TSHighlighter:destroy({self})                        *TSHighlighter:destroy()*
    Removes all internal references to the highlighter

    Parameters: ~
        {self}

TSHighlighter:get_query({self}, {lang})            *TSHighlighter:get_query()*
    Gets the query used for

    Parameters: ~
        {lang}  A language used by the highlighter.
        {self}


==============================================================================
Lua module: vim.treesitter.languagetree              *treesitter-languagetree*

LanguageTree:add_child({self}, {lang})              *LanguageTree:add_child()*
    Adds a child language to this tree.

    If the language already exists as a child, it will first be removed.

    Parameters: ~
        {lang}  The language to add.
        {self}

LanguageTree:children({self})                        *LanguageTree:children()*
    Returns a map of language to child tree.

    Parameters: ~
        {self}

LanguageTree:contains({self}, {range})               *LanguageTree:contains()*
    Determines whether {range} is contained in this language tree

    Parameters: ~
        {range}  A range, that is a `{ start_line, start_col, end_line,
                 end_col }` table.
        {self}

LanguageTree:destroy({self})                          *LanguageTree:destroy()*
    Destroys this language tree and all its children.

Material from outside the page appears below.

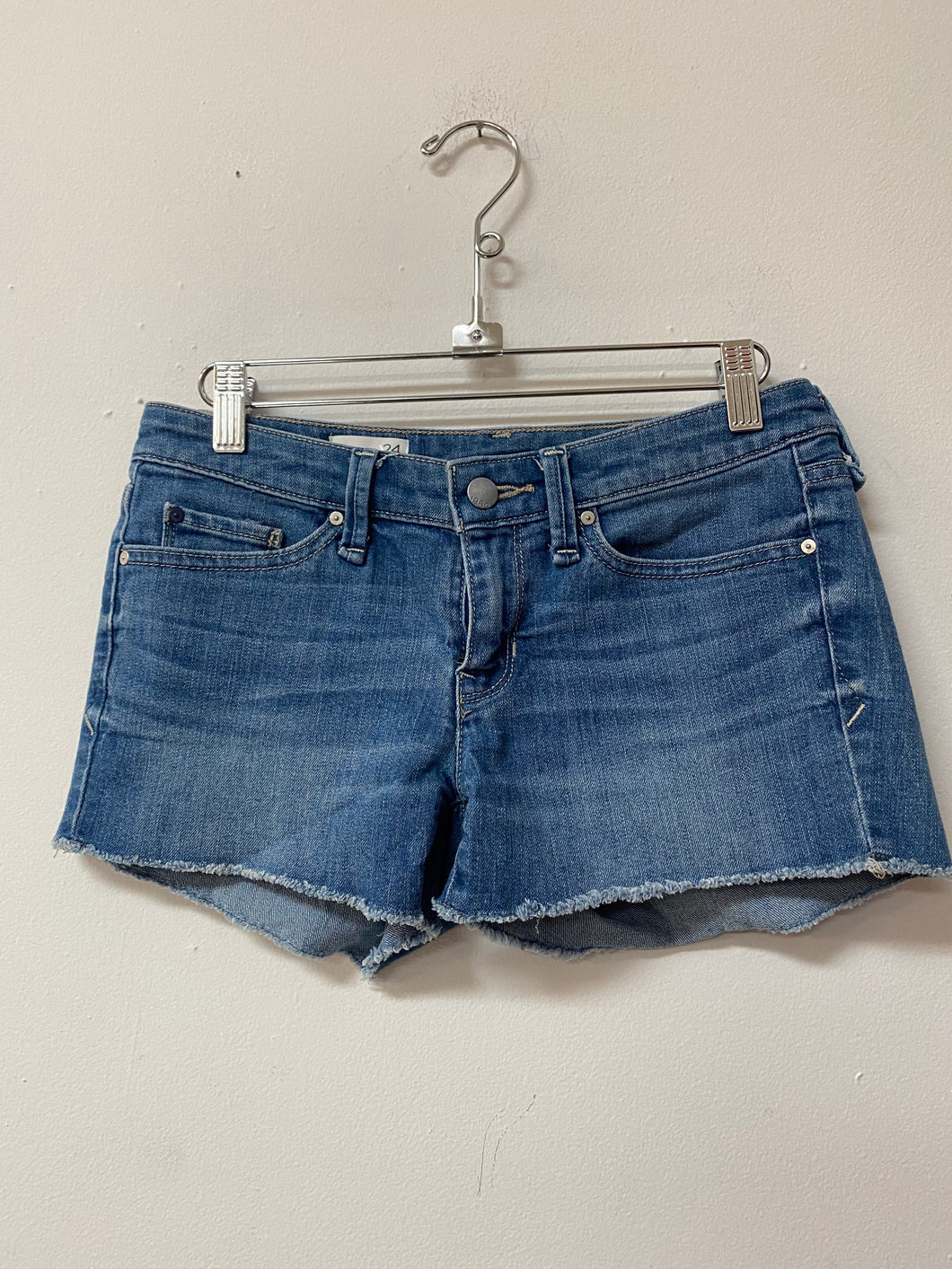 GAP (24) jean shorts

    Any cleanup logic should be performed here.

    Note: This DOES NOT remove this tree from a parent. Instead, `remove_child` must be called on the parent to remove it.

    Parameters: ~
        {self}

                                               *LanguageTree:for_each_child()*
LanguageTree:for_each_child({self}, {fn}, {include_self})
    Invokes the callback for each LanguageTree and it's children recursively

    Parameters: ~
        {fn}            The function to invoke. This is invoked with arguments
                        (tree: LanguageTree, lang: string)
        {include_self}  Whether to include the invoking tree in the results.
        {self}

LanguageTree:for_each_tree({self}, {fn})        *LanguageTree:for_each_tree()*
    Invokes the callback for each treesitter trees recursively.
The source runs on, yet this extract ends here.